To paraphrase from the auto industry's weekly newspaper, Automotive News, we learn that:
Citation Corp. will idle its aluminum-molding plant in Butler, Indiana, by the end of July, the company said today. Citation manufactures cast, machined and assembled components for the automotive, heavy-truck and industrial markets. Operations at the plant, including production and equipment, will be shipped to factories owned by Diversified Machine Inc. in Bristol, Ind., and Milwaukee.
"We continue to focus our strategy on opportunities that enable us to meet our long-term business objectives," Citation CEO Doug Grimm said in a statement. " Divesting a noncore business is a logical step in that process and will ensure Citation remains a strong, viable company." (The guy delivering this terrible news is named "Doug Grimm"; now is that some gallows humor or what?) (Photo --- Non-union worker at a bright, clean automotive plant in America; she is helping build Mercedes-Benz vehicles in Alabama).
Interestingly, this website has learned that Grimm joined Citation Corporation very recently, in January 2008, as Chief Executive Officer and a member of the Board of Directors following various senior management positions in the automotive sector. Previously, Grimm had executive positions at Visteon, where he led that company's $4 billion business relationship with Ford globally, including Jaguar, Land Rover and Volvo. And we know what just happened to Jaguar and Land Rover ... They are both now owned by an Indian automotive company called Tata. Grimm also had top positions at Metaldyne, Dana and Chrysler.
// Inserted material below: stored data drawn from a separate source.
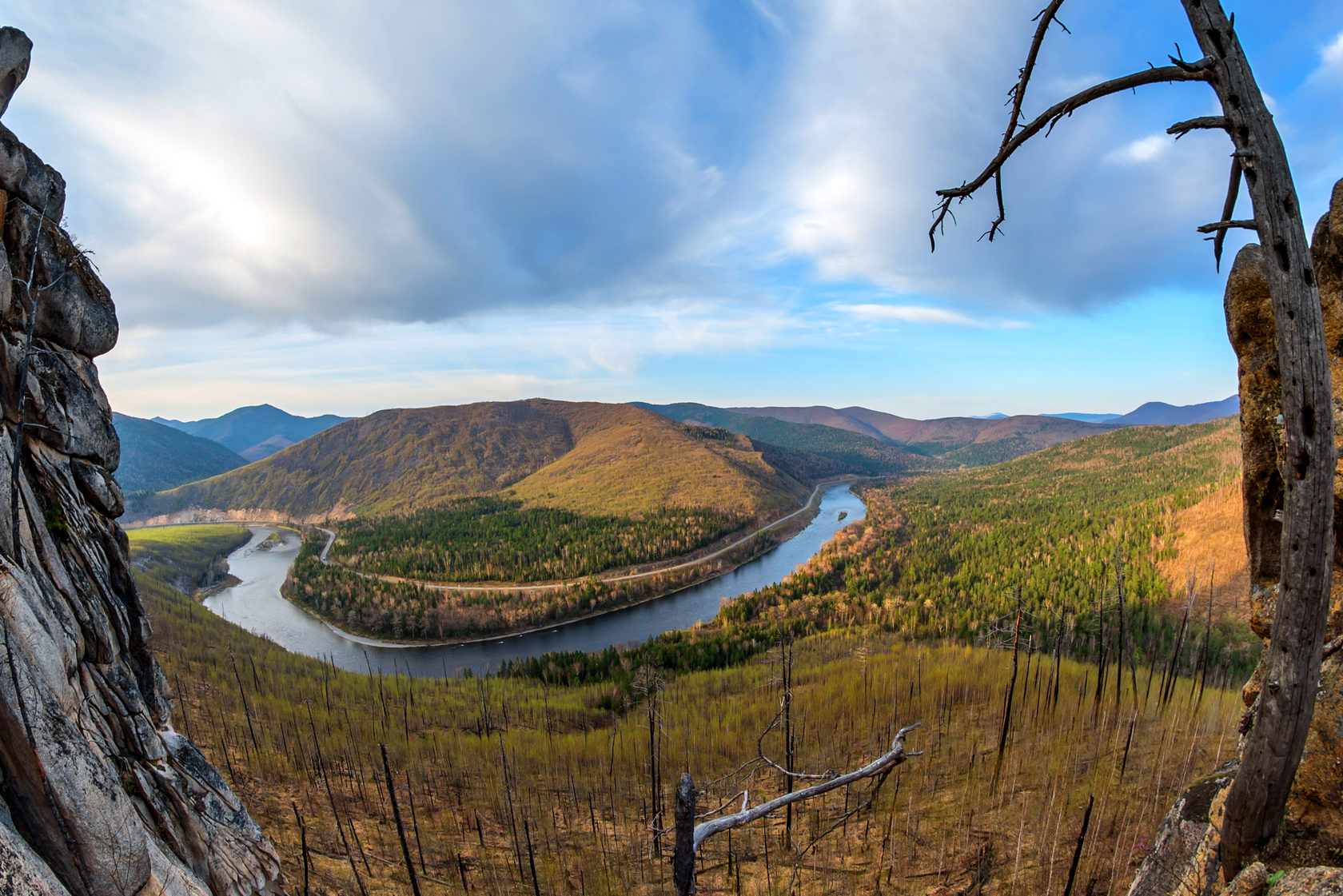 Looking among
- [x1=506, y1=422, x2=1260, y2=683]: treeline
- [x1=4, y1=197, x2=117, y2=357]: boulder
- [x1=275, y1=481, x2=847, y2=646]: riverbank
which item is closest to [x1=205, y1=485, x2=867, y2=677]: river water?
[x1=275, y1=481, x2=847, y2=646]: riverbank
Grimm certainly has had varied experience in dealing with once-great American manufacturing companies with severe financial problems, and we won't even try to address the possible "chicken and egg" possibilities.
Cutting the 138-person work force will begin next month. The company has not released any information regarding severance packages. Citation Corp., of suburban Detroit, ranked No. 85 on the Automotive News list of the top suppliers to North America, with sales totaling $527 million for the 2006 fiscal year. (end of AN story paraphrasing).
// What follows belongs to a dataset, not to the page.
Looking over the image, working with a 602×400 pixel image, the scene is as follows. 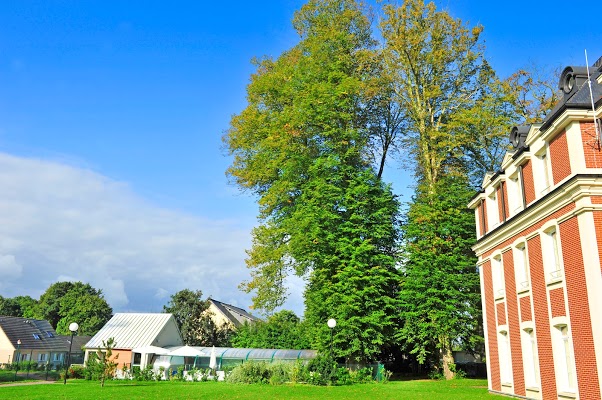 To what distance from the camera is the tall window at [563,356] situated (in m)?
16.2

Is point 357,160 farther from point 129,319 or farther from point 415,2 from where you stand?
point 129,319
Get that? OVER HALF A BILLION DOLLARS IN 2006 SALES for an American company which employs just 138 people ... And the place is so poorly run by its management that they can't even keep their doors open? Or, the company's owners/stockholders are not satisfied with their earnings and have decided to off-shore the company's jobs to a country where unskilled labor making a few bucks an hour can turn-out shoddy products.
The US auto industry, which came off a 70-year-long bender of worldwide domination beginning in the 1970s, has still not turned-around their industry in a way meaningful enough to keep traditional high-paying American jobs in this country. Now THAT'S something which all the candidates had better address this year, and in a big, realistic and meaningful way.